Use What You Already Have
"Mom, I don't need all those marble notebooks," my daughter told me before we went shopping. "I still have two that I barely used last year." Sure enough, all we had to do was to tear out the three or four pages of old notes, and we had a couple of nearly-perfect composition books ready to go. The Today show recently offered back-to-school savings tips from Flipp app savings expert Lauren Greutman, and her first suggestion was right along those lines: Go through your kids' rooms and your own junk drawers and make a pile of school supplies that can last another year. (Bet you have a ruler and a couple of highlighters around the house somewhere.)

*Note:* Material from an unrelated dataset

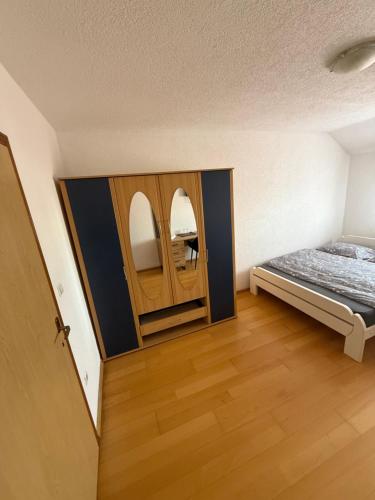 a room with a bed and a cabinet with two mirrors at Motel Napoleon in Velika Kladuša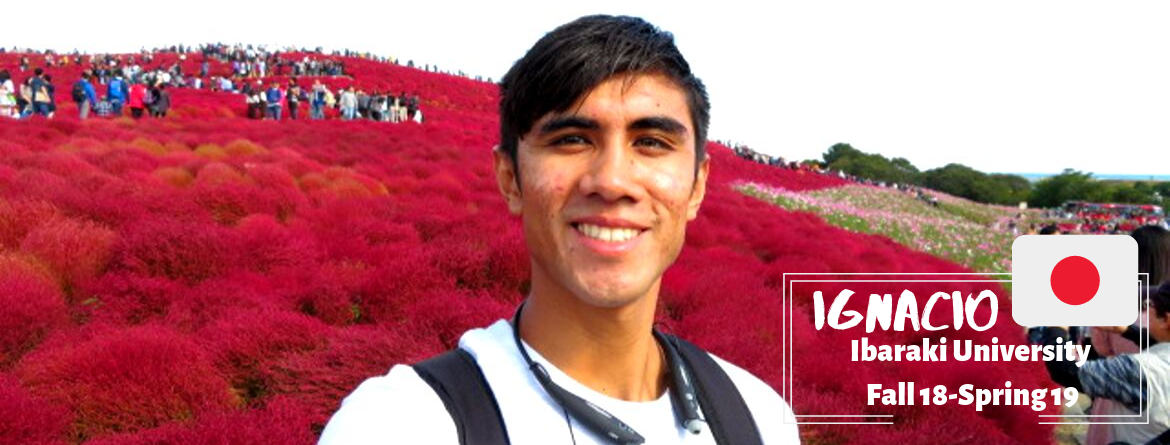 A man next to some flowers.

Take Advantage of Your State's Tax-Free Deals
In some areas of the country, the local retail economy gets a boost when the state designates specific summer weekends as tax-free days on school merchandise, according to USA Today. Unfortunately, 10 states have already had their tax-holiday weekends, but Massachusetts, Connecticut, Texas, and Maryland have theirs coming up this month. Or, if you live near (or plan to visit) Alaska, Delaware, New Hampshire, Montana, or Oregon, you can take a day trip and hit the malls and outlet stores there; in these states, there's no sales tax whatsoever.
Work Your Apps
Let technology do some of the work for you when you're trying to find the best deals. Apps such as RetailMeNot, Flipp, and Dosh can point you toward the stores with deep discounts before you leave the house. There are also browser extensions like Honey, that will find available coupons and discount codes for you while you're shopping online, said Forbes.

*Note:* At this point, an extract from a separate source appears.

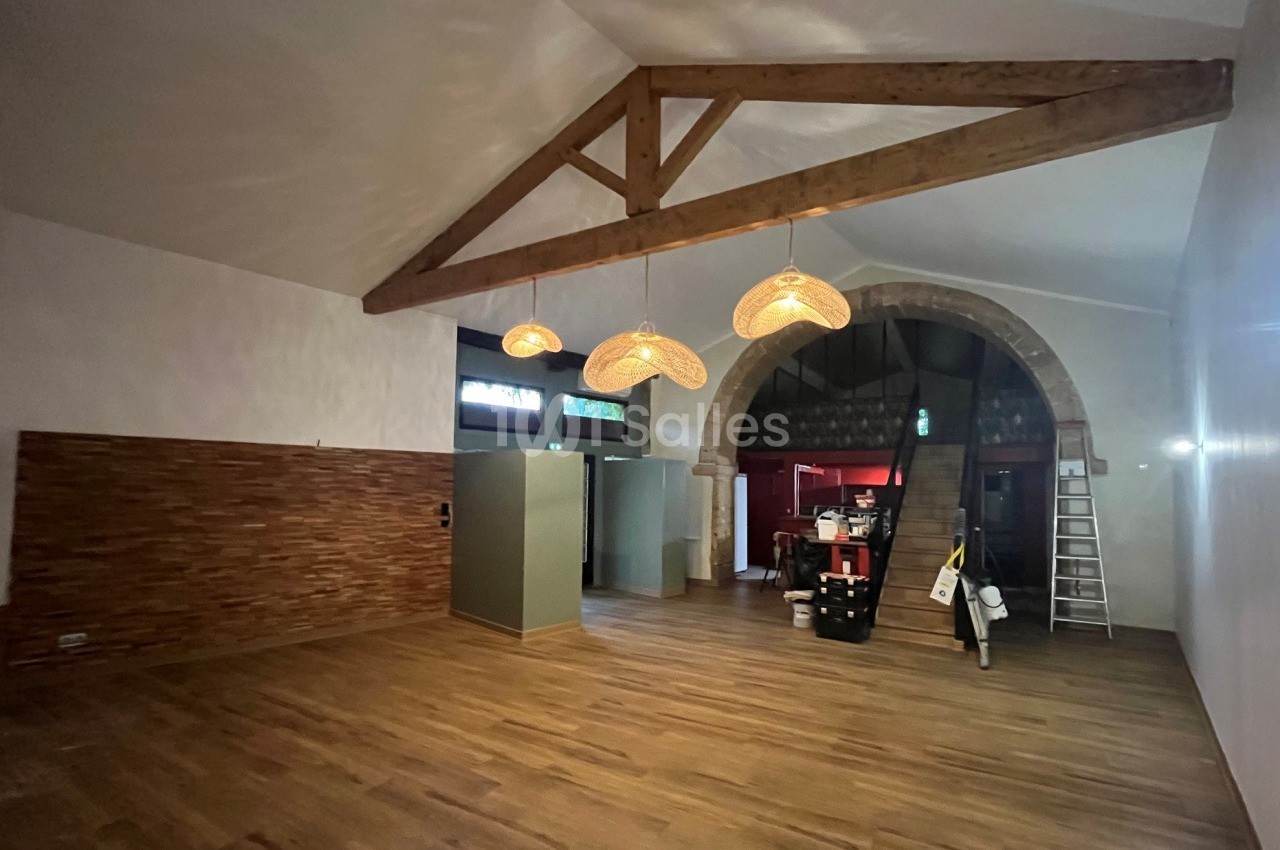 Grande salle vide au sol en parquet clair, plafond à poutres apparentes en bois, suspensions en osier allumées et arche en pierre ouvrant sur un escalier.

Pick Up Your Online Orders In Person
Shopping online is the best; a little browsing, a little clicking, and you're done. The downside: sometimes having to pay for high shipping fees. A better option: opting for in-store pickup, recommended USA Today. Lots of major retailers offer this perk (Target, Staples, Walmart, and Office Depot among them), and all you need to do is show up at the store location of your choice to collect your merchandise.
Go Off-Brand When Possible
Unless your child's teachers ask for a specific brand of glue or crayons, opt for the no-name brands, and you'll find your savings adding up. Stores such as Dollar Tree and Dollar General offer just about everything on your back-to-school list, and office-supply stores like Staples have store brands for less, as well.
Invest in Quality
Once you've stocked up on the inexpensive items, then you can look at the pricier ones. There are some school supplies that are worth putting a little more money into, just to make sure your child will get enough use out of them, said The Balance Everyday. For example, a well-made backpack may cost more, but it should last for a couple of years. A hard-case pencil holder will withstand rough handling and sharp pencil points better than a flimsy plastic or fabric one.
Take Advantage of Job and Student Discounts
Your job could help you save big at back-to-school time. Many retailers are offering discounts to teachers on everything from books to clothes right now, said Business Insider. Ditto for members of the military and their families, said Military.com. And students with a valid ID can get deals on clothing at places like TopShop and Levi's, according to People.
Shop in Shifts
As satisfying as it feels to get all your school supply lists checked off in one day, you'll actually save more if you buy only what's on rock-bottom sale at any given week, advised The Balance Everyday. As Labor Day draws closer and closer, major chains begin to drop their prices in order to clear their inventory. So check the weekly circulars and see if it's worth it to buy your notebooks another day.